AstraZeneca CEO Pascal Soriot confirmed the company sees very strong synergy potential and financial rationale for this transaction during a conference call with investors.
UBS equity research analyst Michael Leuchten commented in a research note that it is a "strategically sensible licensing deal, but money looks tight."
He added: "The deal is structured well, in our view, reflecting the different levels of risk well. However, it seems Astra doesn't have the money and needs to place $3.5 billion in equity which seems expensive relative to debt."
AstraZeneca's outlook depends heavily on its pipeline products and new product launches.
J.P. Morgan Cazenove equity research analyst James Gordon notes: "Overall, we see the Daiichi asset as having significant potential … however, we are more mixed on the equity raise."
Over the next 12 months, Gordon expects to see a further re-rating of Astra shares as the market's confidence in Astra's strong long-term growth outlook increases.
When asked on the analyst call whether they would rule out any equity-funded acquisitions, management characterized the equity raise as "exceptional" noting it reflects the "exceptional" nature of this asset. They confirmed they do not intend to raise equity in a regular manner.
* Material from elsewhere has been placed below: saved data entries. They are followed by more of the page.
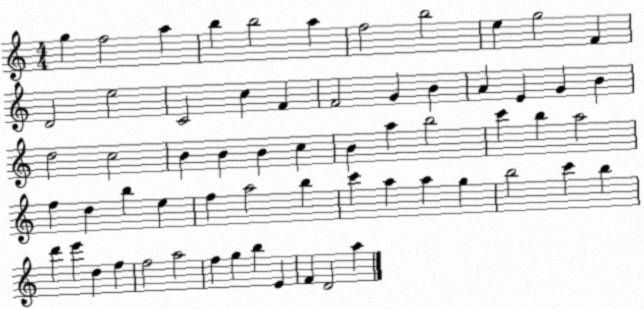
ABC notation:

X:1
T:Untitled
M:4/4
L:1/4
K:C
g f2 a b b2 a f2 b2 e g2 F D2 e2 C2 c F F2 G B A E G B d2 c2 B B B c B a b2 c' b a2 f d b e f a2 b c' a a g b2 c' b d' e' d f f2 a2 f g b E F D2 a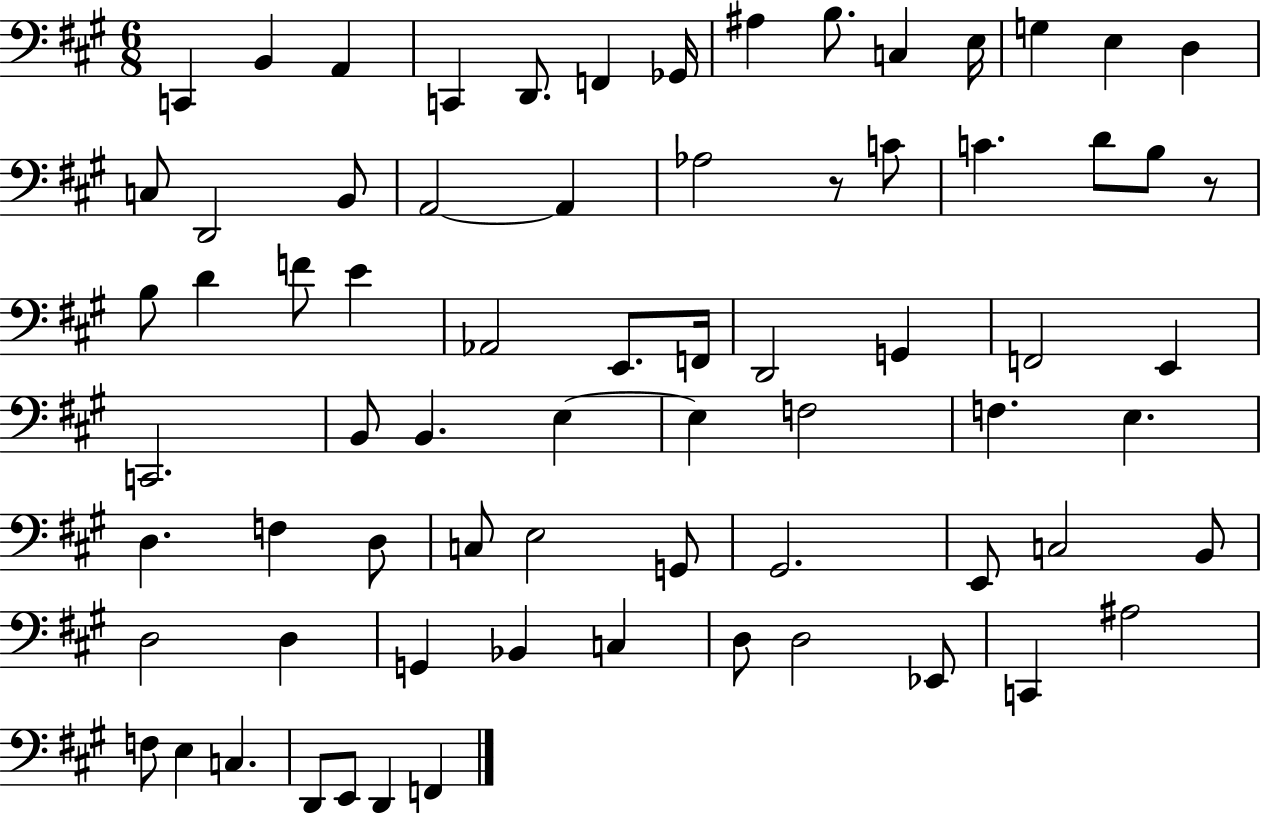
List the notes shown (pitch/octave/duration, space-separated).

C2/q B2/q A2/q C2/q D2/e. F2/q Gb2/s A#3/q B3/e. C3/q E3/s G3/q E3/q D3/q C3/e D2/h B2/e A2/h A2/q Ab3/h R/e C4/e C4/q. D4/e B3/e R/e B3/e D4/q F4/e E4/q Ab2/h E2/e. F2/s D2/h G2/q F2/h E2/q C2/h. B2/e B2/q. E3/q E3/q F3/h F3/q. E3/q. D3/q. F3/q D3/e C3/e E3/h G2/e G#2/h. E2/e C3/h B2/e D3/h D3/q G2/q Bb2/q C3/q D3/e D3/h Eb2/e C2/q A#3/h F3/e E3/q C3/q. D2/e E2/e D2/q F2/q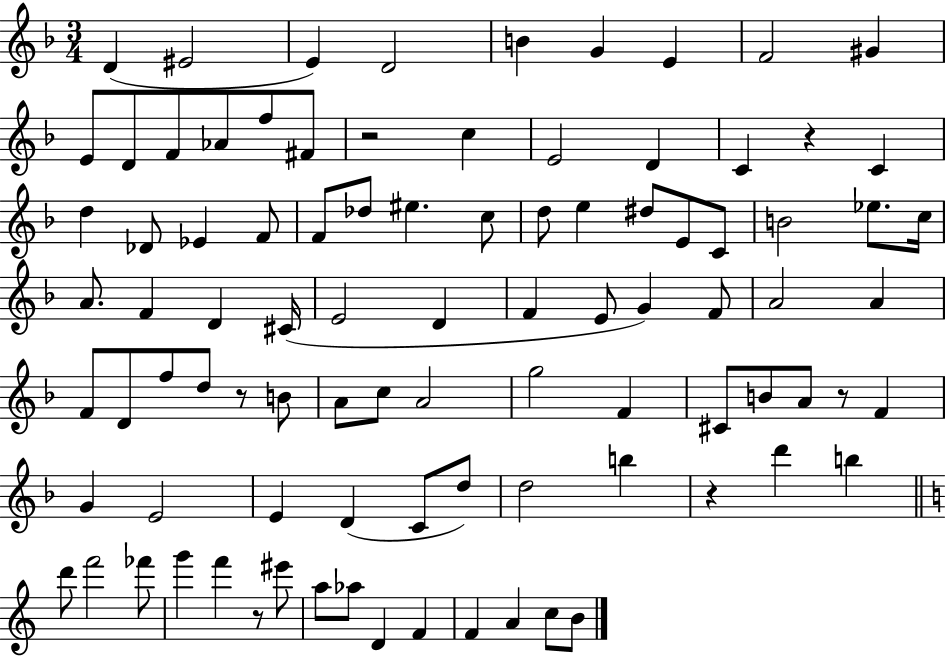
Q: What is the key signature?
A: F major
There has been a raft of health care companies riding the M&A (merger and acquisition) wave. Over the last year, tie-ups have emerged between Bristol-Myers Squibb and Celgene, Shire and Takeda, Roche and Spark Therapeutics among others.
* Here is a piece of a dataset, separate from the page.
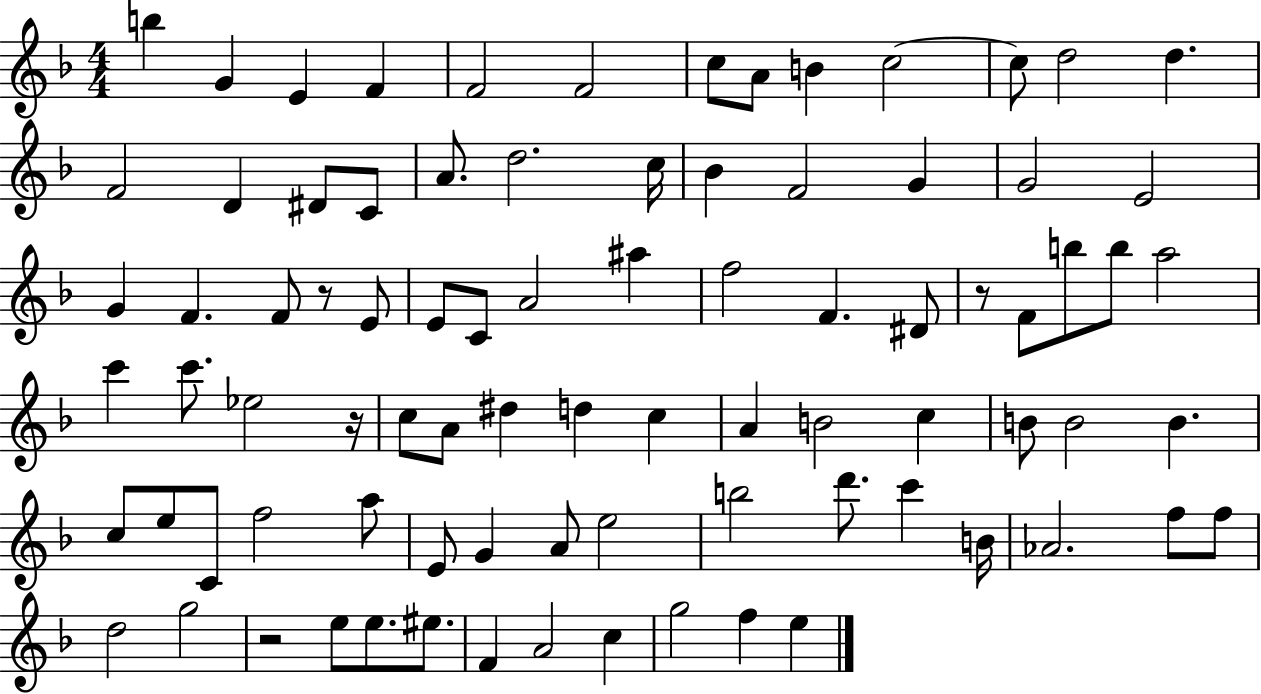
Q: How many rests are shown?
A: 4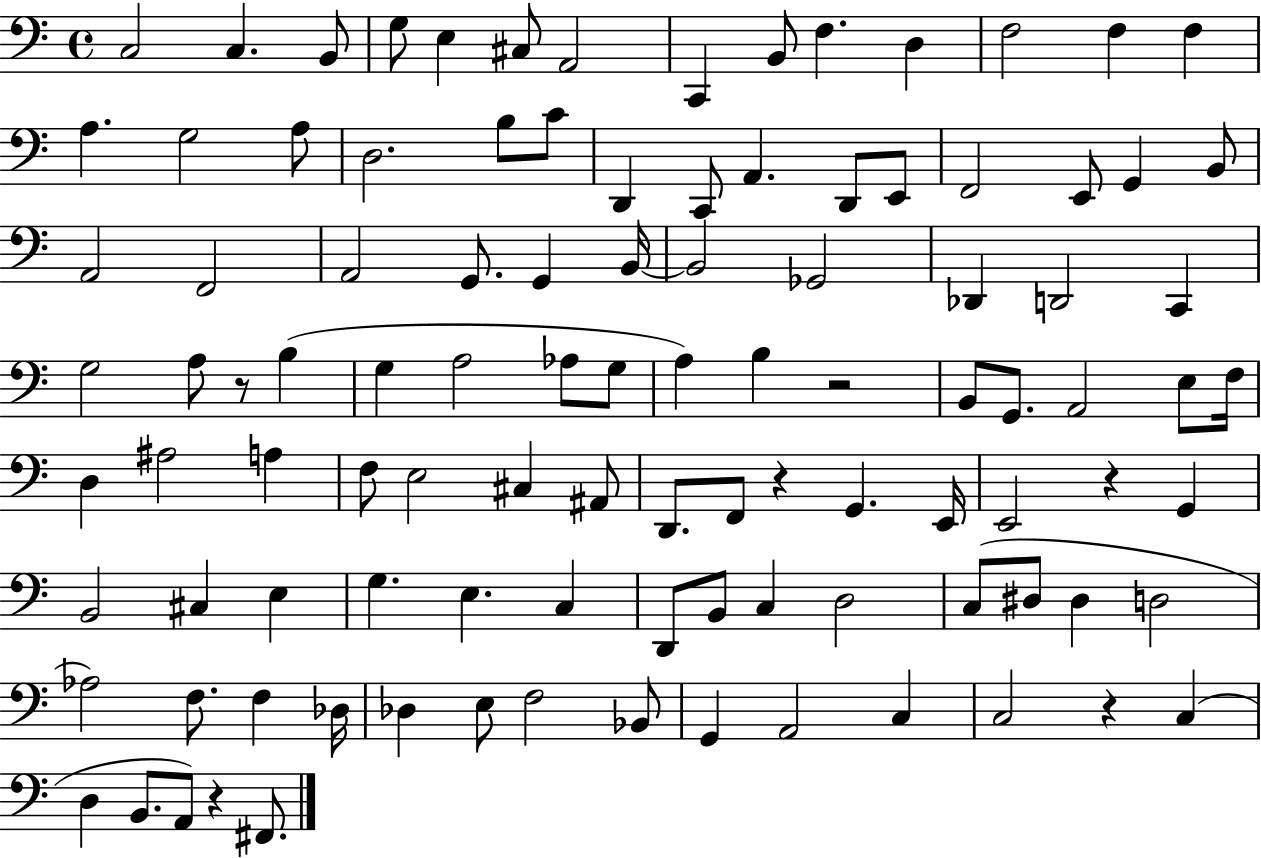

Pharma companies across the globe are racing to replace legacy drugs by paying hefty premiums for access to more specialty treatments.
AstraZeneca, like the broader industry, is in the process of shifting away from a more primary-care focused portfolio to one that is more oncology-focused. The Daichii Sankyo collaboration requires no shareholder or regulatory approval.
AstraZeneca expects the transaction to have a neutral financial impact in 2019, growing core earnings per share from 2020 and then significantly contributing in 2023. The company has reconfirmed 2019 financial guidance.
Daichii Sankyo shares surged on the news while AstraZeneca shares slumped in early trade Friday.